Let’s use this space to share and discuss bread machine baking - recipes, notes and tips.

I’ll start. I have a Zojirushi mini, which makes 1 lb. loaves. I purchased it recently, after not having a bread machine for well over a decade. I wish I had kept my recipes from that original trip down the rabbit hole, but I didn’t. Soon after being gifted that original machine, which was my gateway to bread baking, I discovered sourdough, and thought I would never use a bread machine again. Ha ha! Time and arthritis will take you places.

My new machine came with a recipe for French bread. It makes for a fine sandwich loaf, and is something I have made repeatedly. If I’m not using the timer, I’ll add 50 g. sourdough discard to the liquid (reducing the flour and water accordingly). I would hesitate to add discard using the timer, however, as it tends to separate, and I’d be concerned the addition of flour to the liquid might clog the paddle.


194 g. water

293 g. bread flour

6 g. granulated sugar

6 g. powdered milk

5 g. granulated salt

1 t. ADY (I used ¾ t. instant yeast)

French Bread

This next recipe – a 100% whole wheat sandwich loaf with add-ins – has taken several tries to get right. It’s from Beth Hensperberger’s *The Bread Lover’s Bread Machine Cookbook* P. 71.
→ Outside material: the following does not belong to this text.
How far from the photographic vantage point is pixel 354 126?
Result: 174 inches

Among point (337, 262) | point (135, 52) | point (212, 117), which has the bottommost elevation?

My first loaf ballooned up, and then collapsed, the result of a large air pocket at the top. I monkied around with the amount of instant yeast, and finally settled on 1 t. (the original recipe calls for 1.5 t.). Zojirushi says to limit the addition of small seeds to 20 g., I used 30 g. with no issues. Also, just before the bake cycle starts, I go in and brush the top with a little water, and sprinkle with a few more seeds and grains. If using the timer, I would sub powdered milk (and water) for fresh.


¾ c. milk

2 T. honey

1 T. salted butter

200 g. whole wheat flour

30 g. bread flour

1 T. VWG

1 t. granulated salt

1 ½ t. instant yeast < - - - I use 1 t.

30 g. seed blend *not original to the recipe


Woot - I have the same machine so I would love some proven recipes that work well for that machine too.
I find the recipes in their booklet to be hit or miss. My dearest recipe wish list is for anadama bread. I’ve tried two online and they didn’t adapt well for this machine; perhaps it needs more tweaking on my end - both times it comes out way too dense (even denser than anadama should be).

I had a decent recipe for milk bread (with the tangzhong starter), but I’ll have to dig that out. To be honest, this has probably sat in my pantry for the last year, so it feels time to dig this out for some fresh bread.


I have a couple of books. I’ll check and see if there’s a recipe for Amadama Bread. My mother used to bake that (in an oven) - I can smell it now. :blush:

Don’t forget the Internet Archive when looking for cookbooks - 183 search results for “bread machine” and most of them available to check out for free online.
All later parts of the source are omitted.